Seventy-five years old Bhim Kumari Khatri of Sorhakhutte still remembers going to Lainchaur ground and soaking in the sun during the winter in her childhood days. She along with her family members and neighbours would spend most of their winter days on the ground chatting and playing.
“Now it’s fenced from all sides. Instead of plants and greenery they have converted it into an artificial park with synthetic turf. They say they are making a football ground and a basketball court here, ” said Khatri, who runs a small shop on the western edge of the ground.
“I don’t know if they will allow us to go inside. Initially I had thought they were going to make a natural park like the one at Narayanchaur in Naxal, but Lainchaur now looks like a cage,” said Khatri.
Lainchaur ground had given shelter to hundreds of families during the 2015 earthquakes. People pitched tents and lived on the ground for several weeks after the earthquake.
Another local from Samakhushi, Pavitra Bajracharya, 63, also expressed his unhappiness over the new look of the ground. “I grew up playing football here on the muddy ground. This was also the place for farmers to put their freshly harvested paddy to dry in the sun. Now that they have fenced it and laid a new turf, I doubt they will allow us in anymore,” said Bajracharya, a social worker.
Officials said over 80 percent of the Lainchaur ground will be a mini football ground and the remaining a basketball court. And they are also constructing a park for children and an open gym on the ground.
Locals, conservationists and environmentalists have termed the work myopic.
“The City should have taken a natural approach to beautify its public spaces,” said Ganapati Lal Shrestha, one of the campaigners of ‘Occupy Tundikhel’ campaign in 2019, which was launched to reclaim the vast encroached open public space in the heart of the city.
“This clearly shows the insensitivity of the City and its mayor [Bidya Sundar] Shakya,” added Shrestha, while urging everyone to protest against the City’s such moves.
According to City officials, they have given the ground spread over nine ropani [0.45 hectare] between the Dairy Development Corporation and Shanti Vidyagriha Secondary School to Ncell Axiata Limited for beautification under the latter’s corporate social responsibility.
Khem Raj Tiwari, chairman of the City’s Ward 26, where the ground is located, said Ncell has spent around Rs 50 million to convert the Lainchaur ground into a park. He said his ward has signed a Memorandum of Understanding with Ncell.
“For many years it was a neglected piece of land. Actually Mayor Shakya was planning to convert a part of the ground into an elevator parking lot, but we wanted to make it a better place,” said Tiwari.

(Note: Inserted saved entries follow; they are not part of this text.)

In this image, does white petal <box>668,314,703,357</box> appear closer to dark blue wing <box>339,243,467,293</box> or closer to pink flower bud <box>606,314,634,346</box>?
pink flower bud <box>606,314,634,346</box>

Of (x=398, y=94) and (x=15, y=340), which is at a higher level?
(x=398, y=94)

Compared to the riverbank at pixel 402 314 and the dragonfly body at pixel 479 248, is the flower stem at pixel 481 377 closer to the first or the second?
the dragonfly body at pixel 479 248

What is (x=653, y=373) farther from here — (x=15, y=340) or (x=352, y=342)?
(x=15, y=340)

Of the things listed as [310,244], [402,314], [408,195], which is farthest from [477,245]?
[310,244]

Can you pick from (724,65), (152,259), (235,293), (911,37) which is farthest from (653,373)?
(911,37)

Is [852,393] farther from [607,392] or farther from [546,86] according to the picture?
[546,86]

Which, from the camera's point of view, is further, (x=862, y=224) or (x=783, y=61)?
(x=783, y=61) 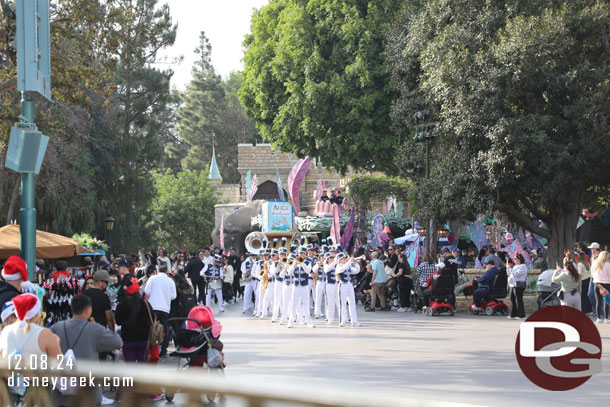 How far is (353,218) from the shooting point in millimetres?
34406

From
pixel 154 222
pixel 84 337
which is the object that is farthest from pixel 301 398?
pixel 154 222

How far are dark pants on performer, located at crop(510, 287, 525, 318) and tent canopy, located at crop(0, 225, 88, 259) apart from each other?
11.4m

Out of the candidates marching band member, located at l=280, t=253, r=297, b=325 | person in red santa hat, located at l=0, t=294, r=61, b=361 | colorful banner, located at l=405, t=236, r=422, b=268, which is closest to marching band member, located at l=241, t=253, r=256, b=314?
marching band member, located at l=280, t=253, r=297, b=325

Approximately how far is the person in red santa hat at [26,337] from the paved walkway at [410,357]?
94.1 inches

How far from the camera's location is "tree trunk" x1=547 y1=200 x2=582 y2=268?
23.8 metres

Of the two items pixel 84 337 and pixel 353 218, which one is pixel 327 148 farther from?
pixel 84 337

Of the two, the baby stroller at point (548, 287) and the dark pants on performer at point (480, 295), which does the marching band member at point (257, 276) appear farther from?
the baby stroller at point (548, 287)

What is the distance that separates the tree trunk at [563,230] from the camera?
78.0 ft

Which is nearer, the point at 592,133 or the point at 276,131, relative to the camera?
the point at 592,133

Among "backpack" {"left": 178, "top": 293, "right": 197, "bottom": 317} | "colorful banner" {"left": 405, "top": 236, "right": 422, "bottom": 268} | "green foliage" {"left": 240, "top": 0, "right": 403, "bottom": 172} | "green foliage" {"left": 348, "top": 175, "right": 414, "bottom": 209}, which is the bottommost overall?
"backpack" {"left": 178, "top": 293, "right": 197, "bottom": 317}

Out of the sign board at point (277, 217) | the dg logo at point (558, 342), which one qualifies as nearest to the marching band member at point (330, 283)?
the dg logo at point (558, 342)

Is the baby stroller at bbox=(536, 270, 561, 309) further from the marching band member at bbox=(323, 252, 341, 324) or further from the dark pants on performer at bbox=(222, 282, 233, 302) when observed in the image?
the dark pants on performer at bbox=(222, 282, 233, 302)

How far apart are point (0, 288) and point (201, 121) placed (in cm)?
7031

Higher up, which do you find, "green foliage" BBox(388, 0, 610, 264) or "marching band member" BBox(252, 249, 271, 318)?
"green foliage" BBox(388, 0, 610, 264) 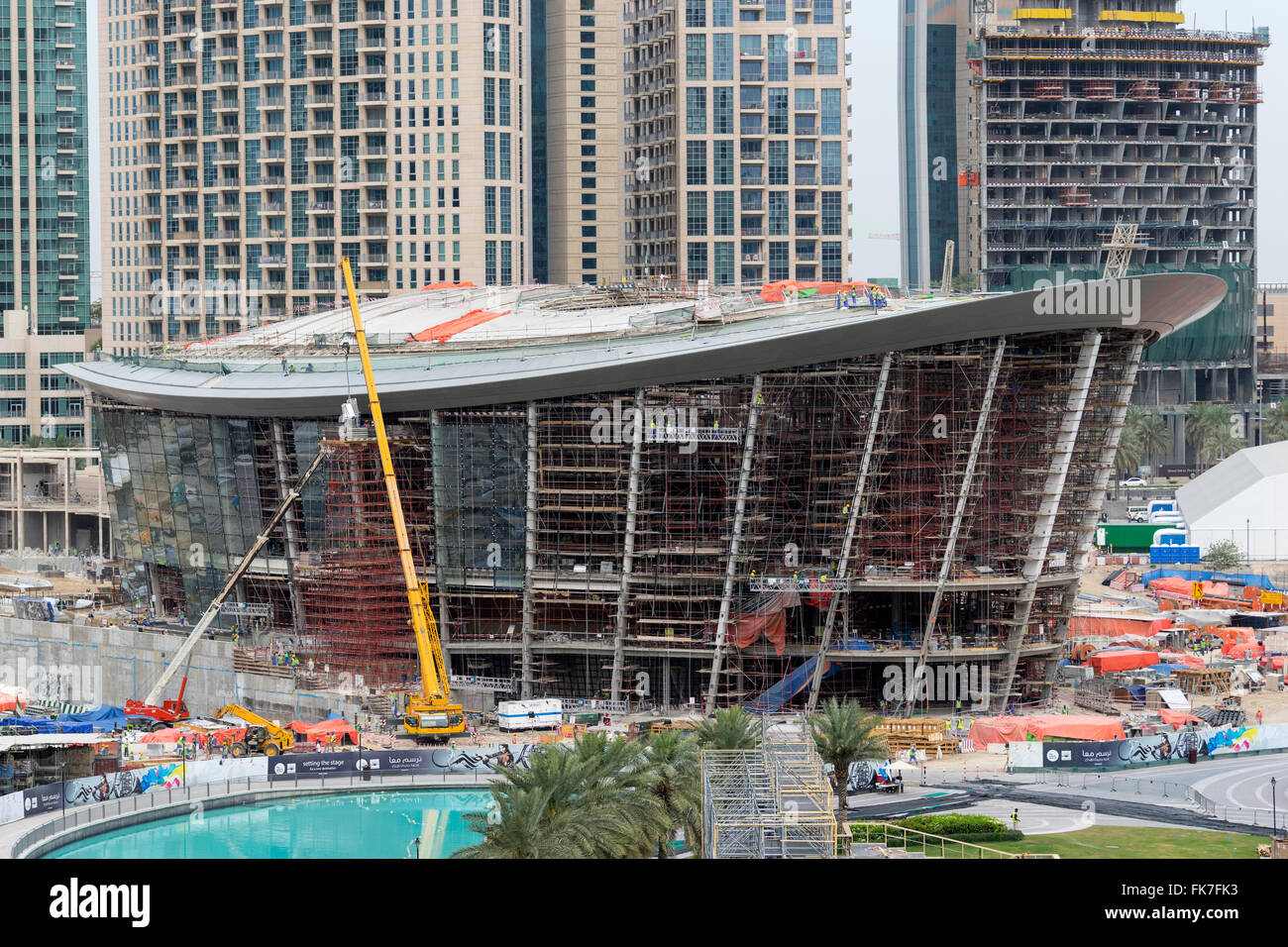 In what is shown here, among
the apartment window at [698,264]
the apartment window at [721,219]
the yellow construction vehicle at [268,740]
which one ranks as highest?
the apartment window at [721,219]

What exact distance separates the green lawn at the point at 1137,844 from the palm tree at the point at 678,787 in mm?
8389

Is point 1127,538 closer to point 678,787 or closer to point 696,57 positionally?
point 696,57

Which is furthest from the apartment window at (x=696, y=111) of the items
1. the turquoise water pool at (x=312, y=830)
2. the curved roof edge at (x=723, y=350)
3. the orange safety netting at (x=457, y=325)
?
the turquoise water pool at (x=312, y=830)

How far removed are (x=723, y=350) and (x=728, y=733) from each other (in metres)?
28.9

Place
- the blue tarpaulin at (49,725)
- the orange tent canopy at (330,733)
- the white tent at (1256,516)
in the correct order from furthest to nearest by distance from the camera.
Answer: the white tent at (1256,516) → the blue tarpaulin at (49,725) → the orange tent canopy at (330,733)

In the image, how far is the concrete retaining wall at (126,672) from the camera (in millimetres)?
90188

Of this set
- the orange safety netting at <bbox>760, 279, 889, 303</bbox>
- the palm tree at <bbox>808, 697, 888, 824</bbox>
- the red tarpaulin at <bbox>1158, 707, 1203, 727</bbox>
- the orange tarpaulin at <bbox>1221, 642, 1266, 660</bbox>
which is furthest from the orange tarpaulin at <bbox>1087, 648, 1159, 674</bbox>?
the palm tree at <bbox>808, 697, 888, 824</bbox>

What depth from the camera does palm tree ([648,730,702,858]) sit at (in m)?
48.8

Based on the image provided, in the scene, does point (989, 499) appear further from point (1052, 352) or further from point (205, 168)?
point (205, 168)

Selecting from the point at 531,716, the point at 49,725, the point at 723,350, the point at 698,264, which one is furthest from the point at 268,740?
the point at 698,264

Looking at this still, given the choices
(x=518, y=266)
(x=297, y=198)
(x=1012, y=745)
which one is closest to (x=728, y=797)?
(x=1012, y=745)

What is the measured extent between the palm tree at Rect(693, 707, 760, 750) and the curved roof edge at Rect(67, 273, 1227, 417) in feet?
87.8

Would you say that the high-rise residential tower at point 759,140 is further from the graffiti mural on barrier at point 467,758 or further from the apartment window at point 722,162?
the graffiti mural on barrier at point 467,758
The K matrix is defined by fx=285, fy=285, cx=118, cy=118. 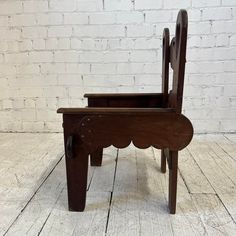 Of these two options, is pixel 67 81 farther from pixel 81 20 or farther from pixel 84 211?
pixel 84 211

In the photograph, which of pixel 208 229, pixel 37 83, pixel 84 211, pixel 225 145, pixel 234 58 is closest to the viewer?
pixel 208 229

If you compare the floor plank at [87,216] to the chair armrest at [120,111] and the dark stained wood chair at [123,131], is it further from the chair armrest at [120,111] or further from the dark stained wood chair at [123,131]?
the chair armrest at [120,111]

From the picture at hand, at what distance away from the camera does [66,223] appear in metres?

“This space has remained a playground and we are just making it better,” added Tiwari.
A press statement on the Ncell website says they are beautifying the ground into a park under its corporate social responsibility initiative. Ncell has been maintaining greenery along the 10.5km stretch of the Koteshwar-Kalanki section of the Ring Road.
But not only the locals and heritage activists, environmentalists are also unhappy with the new look of the Launchaur ground. Bhusan Tuladhar, an environmentalist who closely follows urban issues including pollution called it unfortunate. “They should have promoted natural greenery, not artificial.”
“Kathmandu has already turned into a concrete city and natural spaces are shrinking by the day. Kathmandu’s bird habitats have almost disappeared so we should be working to create natural spaces.”
Nabin Adhikari, the owner of Ishara Services, the firm tasked by Ncell with beautifying the park said they have constructed 12 wells, each 12 feet deep, for recharging groundwater. He also said they have simply leveled the ground and laid artificial turf on it without using cement or concrete.
“We are going to plant over 40 plants of different varieties including trees and hedges,” said Adhikari.
Bajracharya, the local, meanwhile, worried whether the ground would remain open to commoners. “They have already deployed a guard and soon they might lock the gate and allow in only select people,” he said.